La première réunion du Comité national de pilotage stratégique du projet Right2Grow, a eu lieu le 22 décembre 2021, à l’hôtel Onomo. Organisée dans le souci de renforcer le dispositif de redevabilité du programme, ce fut l’occasion d’informer les acteurs sur le niveau de mise en œuvre du programme. La démarche a consisté à amener les acteurs à s’approprier du dispositif de gouvernance et à recueillir leurs recommandations et orientations pour une efficacité dans la mise en œuvre des activités.

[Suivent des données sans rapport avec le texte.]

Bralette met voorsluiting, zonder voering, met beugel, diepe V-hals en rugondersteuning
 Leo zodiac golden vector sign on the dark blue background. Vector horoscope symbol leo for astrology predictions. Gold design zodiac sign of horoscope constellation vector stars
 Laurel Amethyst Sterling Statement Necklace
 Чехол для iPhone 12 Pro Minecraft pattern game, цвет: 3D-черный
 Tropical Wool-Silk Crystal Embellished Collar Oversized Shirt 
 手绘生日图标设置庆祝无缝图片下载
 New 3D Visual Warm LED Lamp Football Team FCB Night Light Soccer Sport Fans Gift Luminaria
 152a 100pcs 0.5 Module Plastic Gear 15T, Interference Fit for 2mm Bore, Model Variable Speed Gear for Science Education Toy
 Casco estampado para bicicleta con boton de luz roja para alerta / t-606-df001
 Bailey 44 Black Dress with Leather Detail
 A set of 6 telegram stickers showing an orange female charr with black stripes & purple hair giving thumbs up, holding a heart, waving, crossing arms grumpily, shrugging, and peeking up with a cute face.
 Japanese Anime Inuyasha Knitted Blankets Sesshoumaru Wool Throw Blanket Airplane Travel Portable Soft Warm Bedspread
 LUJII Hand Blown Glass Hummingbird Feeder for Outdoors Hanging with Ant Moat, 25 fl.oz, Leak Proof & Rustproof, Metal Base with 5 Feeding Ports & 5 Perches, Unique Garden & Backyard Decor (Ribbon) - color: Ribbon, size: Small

Lancé officiellement le 12 août 2021, le Programme Right2Grow s’est fixé la lourde mission de faire en sorte que chaque enfant ait le droit d’atteindre son plein potentiel par une bonne nutrition. Et, après quelques mois d’activités, il était tout à fait normal de faire une petite pose « pour évaluer les activités du projet et de l’atteinte des objectifs », comme l’a indiqué Patrick DANIERE, Directeur national de World Vision, Co-leader du consortium, en saluant son partenaire Action Contre la Faim pour cette initiative.

Le Comité de Pilotage est un dispositif de gouvernance du programme

Il a rappelé que le Comité de Pilotage est un dispositif de gouvernance du programme, dont la mission consiste à l’évaluer régulièrement l’évolution. « Il s’agit d’en corriger les insuffisances tout en apportant un soutien et une orientation à l’équipe », a-t-il déclaré. Avant d’ajouter qu’à ce jour les membres du consortium national de Right2Grow se réjouissent du niveau d’avancement du projet dans toutes ses composantes. « Le recrutement du personnel compétant, la mobilisation des fonds et du matériel ainsi que le niveau de réalisation des activités sur le terrain montrent une avancée notoire du projet malgré le retard au démarrage des activités », a-t-il précisé. Mais, qu’à cela ne tienne, il a tenu à rappeler qu’il reste une activité importante à finaliser avant la fin de la première année du projet. « Il s’agit de l’étude Baseline qui est en cours de réalisation », a-t-il déclaré. Selon lui, cela constitue une activité majeure du projet qui va permettre l’harmonisation du cadre logique. Il a rassuré les acteurs qu’un plan d’action a été élaboré conjointement entre ACF et World Vision en vue de finaliser cette activité avant le 31 décembre 2021.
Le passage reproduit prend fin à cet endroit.